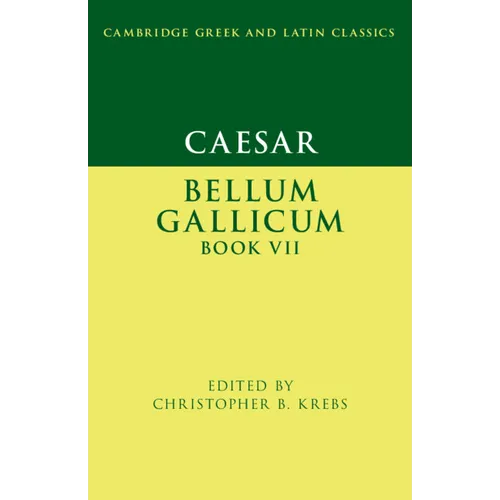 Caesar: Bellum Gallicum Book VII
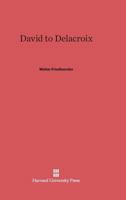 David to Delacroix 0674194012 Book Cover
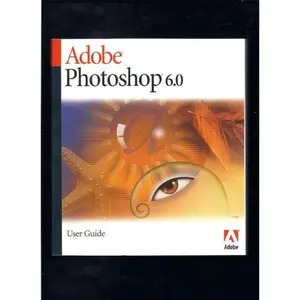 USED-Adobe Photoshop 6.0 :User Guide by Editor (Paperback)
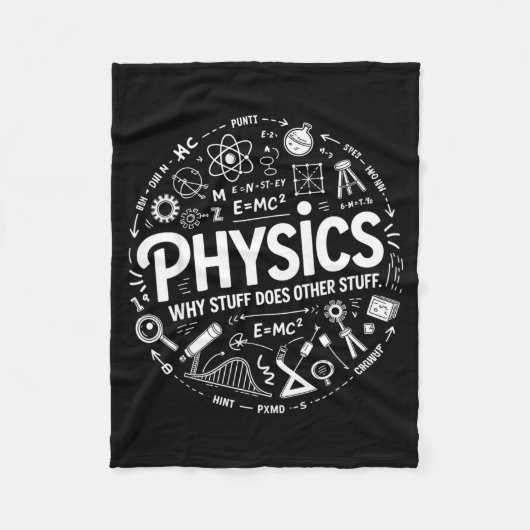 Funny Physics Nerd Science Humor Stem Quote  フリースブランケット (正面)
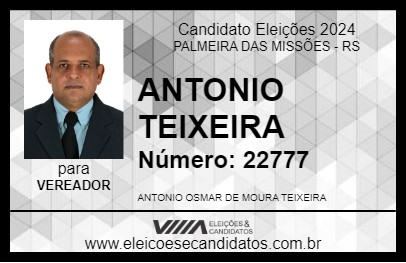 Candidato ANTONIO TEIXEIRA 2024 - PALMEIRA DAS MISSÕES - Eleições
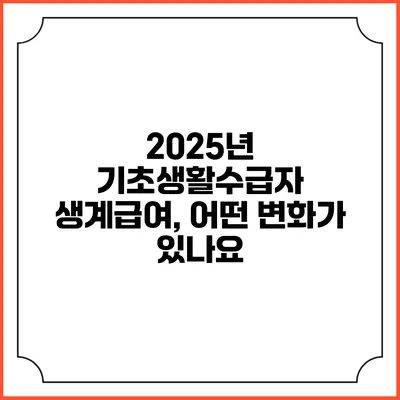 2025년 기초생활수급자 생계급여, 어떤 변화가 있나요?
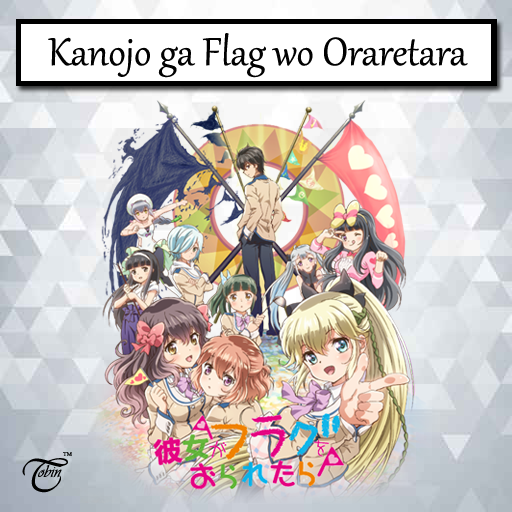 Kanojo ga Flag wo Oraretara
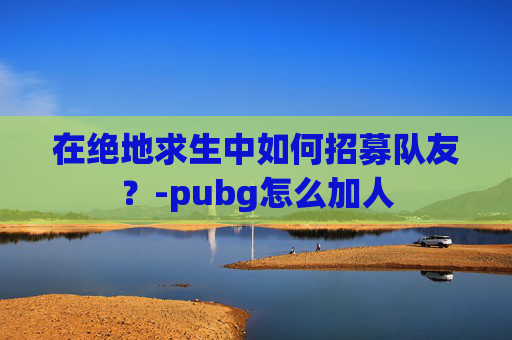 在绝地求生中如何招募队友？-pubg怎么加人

==

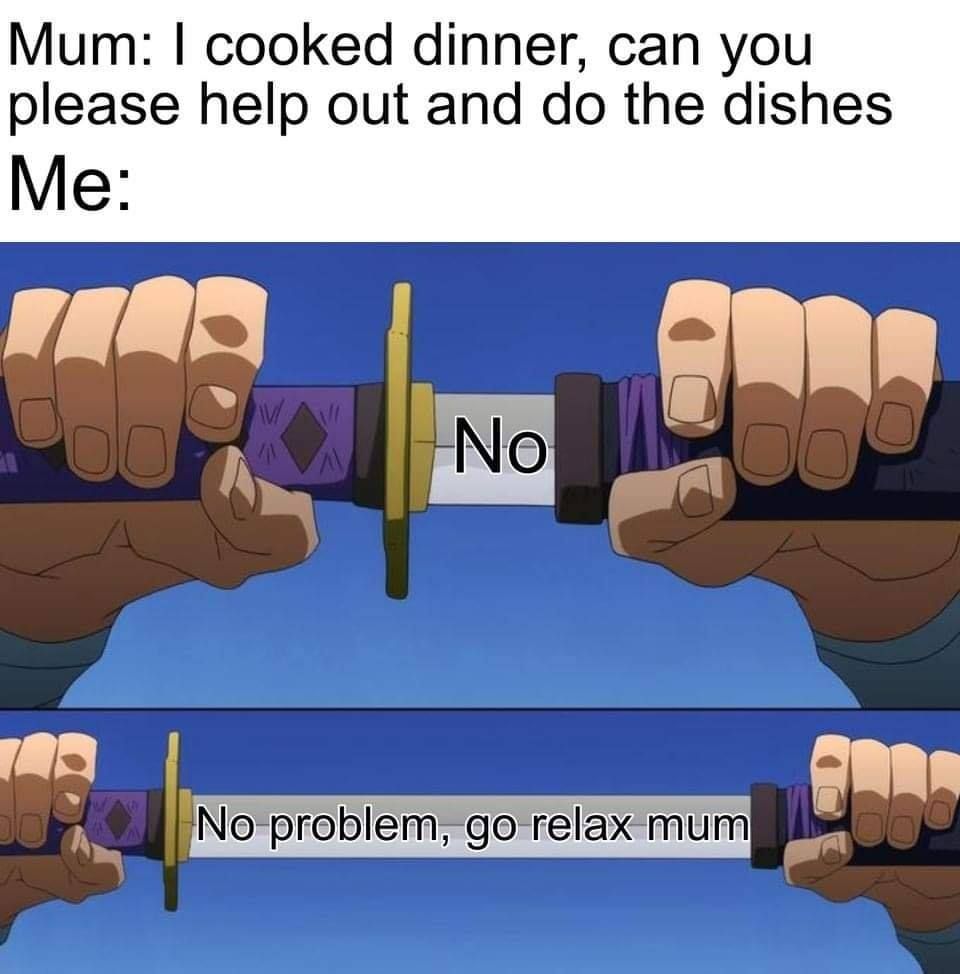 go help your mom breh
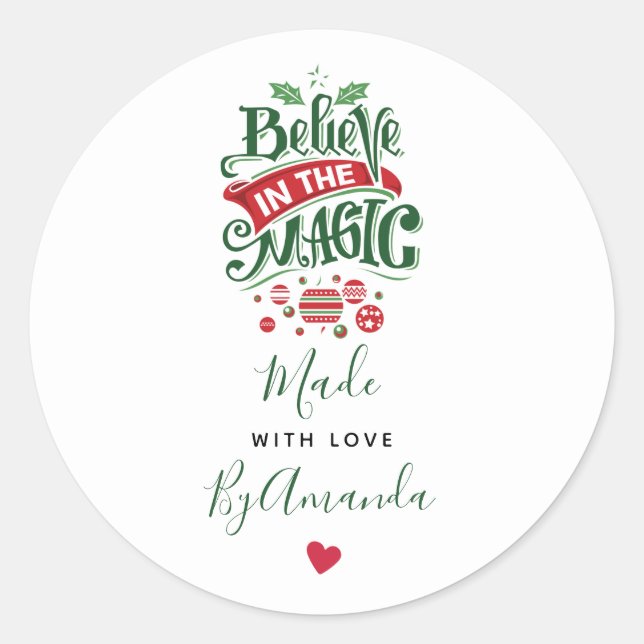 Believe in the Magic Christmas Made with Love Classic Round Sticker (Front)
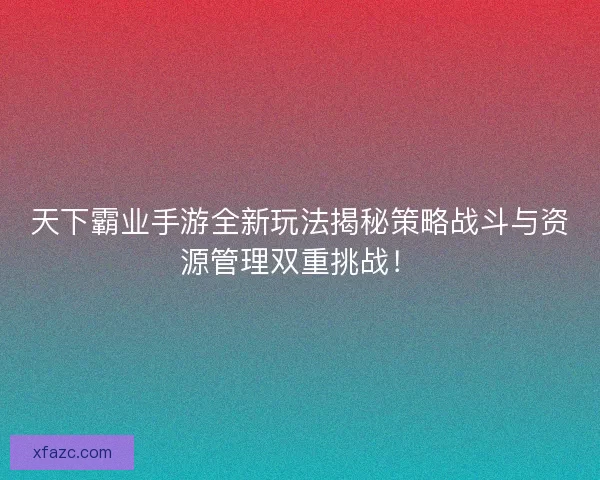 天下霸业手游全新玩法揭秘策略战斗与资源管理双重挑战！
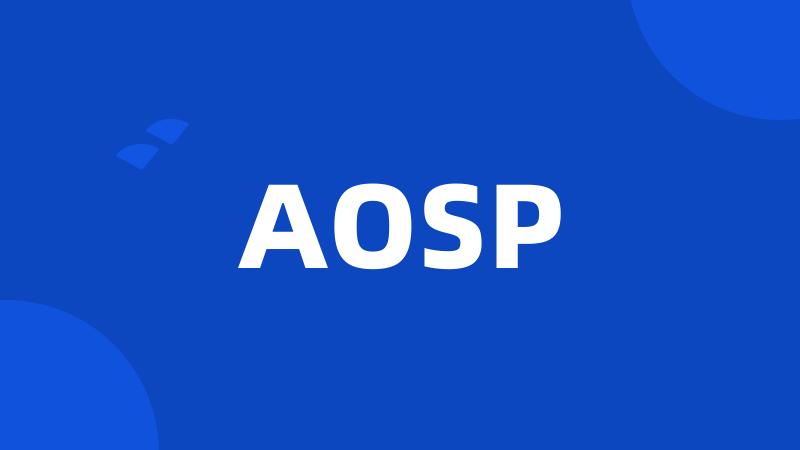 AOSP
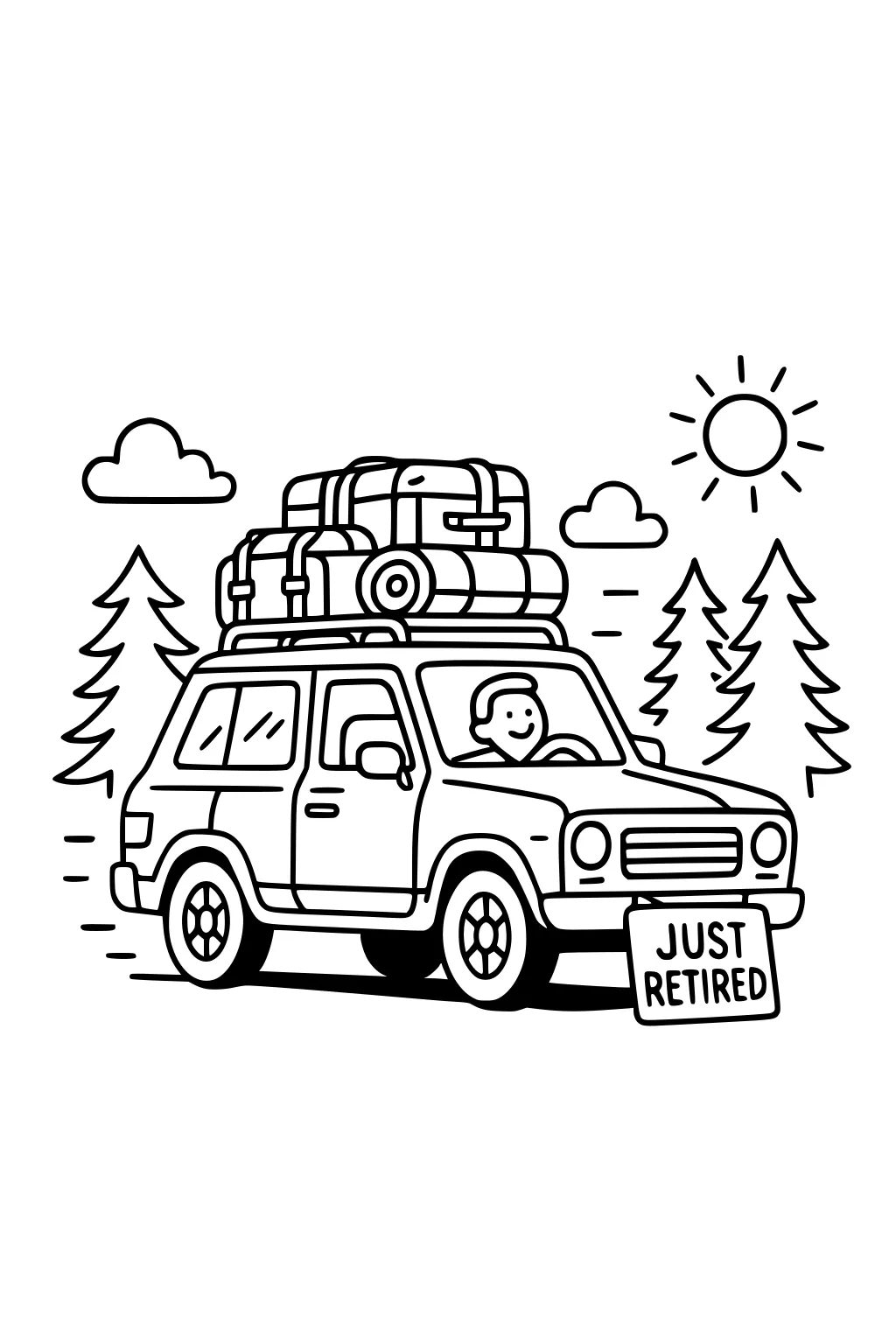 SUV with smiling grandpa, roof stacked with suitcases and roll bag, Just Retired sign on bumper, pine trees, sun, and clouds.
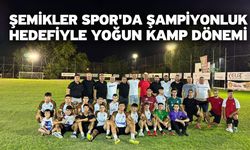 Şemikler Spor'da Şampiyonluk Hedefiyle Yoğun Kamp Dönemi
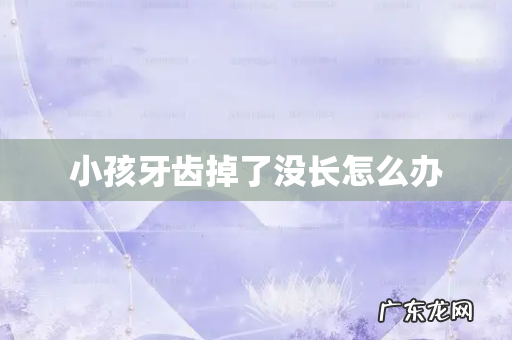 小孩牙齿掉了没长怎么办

[Task details] Print the line above containing "2025년 기초생활수급자 생계급여, 어떤 변화가 있나요?", the line containing "在绝地求生中如何招募队友？-pubg怎么加人", and everything between them, exactly as written. Pictures stay out.

[The completed task]
 2025년 기초생활수급자 생계급여, 어떤 변화가 있나요?
 Kanojo ga Flag wo Oraretara
 在绝地求生中如何招募队友？-pubg怎么加人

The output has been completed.